Le développement des cyanobactéries puis des eucaryotes changent la donne: la concentration en O2 croît grâce à la photosynthèse. Puis chute entre 725 et 600 millions d’années lorsque la Terre est presqu’entièrement gelée, remonte, atteint un pic avec les forêts carbonifères (le bilan net du cycle photosynthèse-respiration des végétaux est excédentaire en oxygène contrairement à aujourd’hui où il s’équilibre (encore !). La disparition de ces forêts stabilise peu ou prou la teneur autour de la valeur actuelle. Mais ce qui est apparu peut-il disparaître ? Oui, d’après le modèle mis au point par les 2 chercheurs de l’article en question. L’oxygène est appelé à disparaître de notre atmosphère et d’ici moins longtemps qu’estimé par d’autres études: dans 1 milliard d’années environ, il n’y en aura plus trace. Pourquoi ? À cause de l’inévitable augmentation du flux solaire et donc du réchauffement de la Terre. Cela va entraîner la formation de plus en plus de vapeur d’eau (c’est une loi de la thermodynamique qui veut que plus l’air est chaud, plus il peut contenir de vapeur d’eau, environ 7% en plus par degré de réchauffement). D’où une absorption plus importante du CO2 nécessaire à la photosynthèse (un comble pour nous qui tentons en vain aujourd’hui de réduire la concentration de CO2 dans l’atmosphère, toute vie finira par disparaître parce qu’il y en aura trop peu). Donc de moins en moins de plantes, donc de moins en moins d’oxygène… Et l’effondrement sera affolant de rapidité: d’après les auteurs, l’affaire sera pliée en 10 000 ans, passant d’une concentration de 20% à 1% sur ce laps de temps. 

 
Le grand bestiaire

Changeons d’échelle. Si le grand collisionneur du CERN est à l’arrêt pour maintenance et mise à niveau (à cause de la pandémie, les expériences ne reprendront sans doute que l’an prochain), cela n’empêche pas les chercheurs d’analyser les données récoltées précédemment. Mais il faut dire que le communiqué publié par l’organisme européen le 3 mars dernier avait de quoi laisser pantois: au cours des 10 dernières années, le LHC a permis la découverte de 59 nouvelles particules !  

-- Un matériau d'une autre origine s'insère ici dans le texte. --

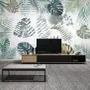 Retro Tropical Leaf Pattern Wallpaper Mural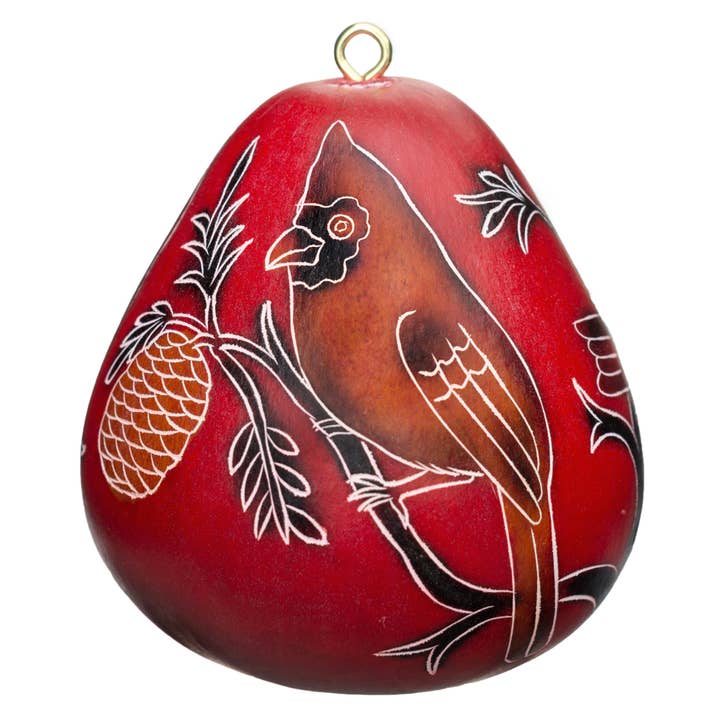 Cardinals on a Branch - Gourd Ornament - Autumn Decor for wholesale by Lucuma Designs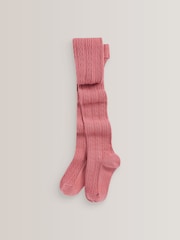 Pink Cotton Rich Cable Tights - Image 1 of 1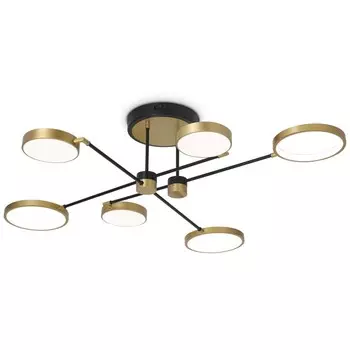 Светильник светодиодный потолочный с пультом Ambrella light, LineTech, FL5157, 6хLED, 84 Вт, 6300Lum, 3000-6400К, цвет чёрный, золото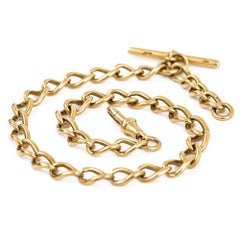 18 Karat Yellow Gold Edwardian Albert Pocket Watch Chain Necklace
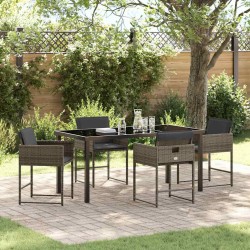 Ensemble de salle à manger de jardin 5 pièces avec coussins, Gris en poly rattan.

Murray Gell-Mann, que l’on voit ici dans la caverne d’ATLAS en 2012, a proposé le modèle des quarks et le nom «quark» en 1964; il a reçu le prix Nobel de physique en 1969  (Crédit : © CERN)

Que ceux qui pensent que le modèle standard de la physique ne comporte que 17 particules (6 quarks, 6 leptons dont l’électron et les neutrinos, 4 bosons de jauge dont le photon et, cerise sur le gâteau découverte par le LHC, le boson de Brout-Englert et Higgs) ou 61 si on comptabilise leurs couleurs et les antiparticules, se rassurent: les particules générées par les collisions dans le LHC ne sont pas des particules élémentaires comme celles qui structurent le modèle standard mais des hadrons. Autrement dit des particules intermédiaires composées de différents quarks en nombre variable. Et là, c’est le grand bestiaire, un inventaire à la Prévert: il en existe des centaines. Les découvertes s’enchaînent sans qu’on sache où cela va s’arrêter car la combinaison des quarks entre eux ne peut être prédite pour l’instant donc il est impossible de dire théoriquement quelles combinaisons de quarks ont la capacité de former des hadrons. Alors on les classe au fur et à mesure de leur découverte: il y a les baryons (tous ceux composés de 3 quarks), les mésons (1 quark et son antiquark), d’autres sont composés de 4, voire même de 5 quarks, etc. Tous sont étudiés notamment dans un but: en apprendre davantage sur l’interaction forte, celle qui n’agit que sur les quarks et des particules composées de ceux-ci; et donc fait en sorte que nous existons puisque sans elle, tous les noyaux des atomes voleraient en éclat, les protons qui les composent se repoussant entre eux puisque de même charge. Elle a en effet une particularité étrange: elle augmente avec la distance. Si bien qu’en théorie, il faudrait une énergie infinie pour séparer totalement 2 quarks. On comprend mieux pourquoi ceux-ci n’existent pas à l’état libre mais sont toujours confinés dans les hadrons.

 
Tension palpable

Nous vous avions déjà entretenus de cette énigme de la physique contemporaine: la notable différence entre les valeurs de la constante de Hubble-Lemaître selon la méthode utilisée (voir Athena n° 349). Rappelons que la vitesse d’expansion de l’univers est donnée par la loi de Hubble-Lemaître: Vexpansion = H0 x D où H0 est une constante, la fameuse constante de Hubble-Lemaître et D la distance à l’observateur; la constante d’expansion s’exprimant pour sa part en km par seconde par mégaparsec (km/s/Mpc). Pour déterminer la valeur de H0, il faut donc connaître la vitesse d’éloignement des galaxies (ce qui est facile) et leur distance par rapport à nous. Pour ce faire, il faut disposer de chandelles standard, objets dont la luminosité intrinsèque est connue, ce qui permet d’en déduire leur distance en observant leur luminosité apparente: par exemple les étoiles Céphéides (des étoiles pulsantes) et des supernovae de type Ia, explosion thermonucléaire d’une étoile naine blanche. L’autre méthode est basée sur le rayonnement fossile de l’univers (fond diffus cosmologique). L’intensité de ce rayonnement varie très légèrement dans différentes directions, fluctuations qui dépendent entre autres de la vitesse de l’expansion de l’univers. Donc de H0

Les 2 méthodes aboutissent à des valeurs de H0 très différentes. L’étude qui vient de sortir (2) relève plutôt de la première méthode mais avec des objets célestes très différents puisque pour déterminer la distance, ses auteurs ont choisi la fluctuation de la luminosité moyenne en infra-rouge des étoiles dans 63 galaxies elliptiques géantes. Adieu donc les supernovae et les Céphéides. Résultat ? Très proche de la valeur obtenue avec ces dernières. La grosse tension entre les 2 valeurs demeure, se renforce même. Que se passe-t-il dans l’univers ?

 

(1) The future lifespan of Earth’s oxygenated atmosphere, K. Ozaki & C.T. Reinhard, Nature Geoscience, march 2021.

(2) The Hubble Constant from Infrared Surface Brightness Fluctuation Distances, John P. Blakeslee et al., arXiv:2101v2, 26 Feb 2021.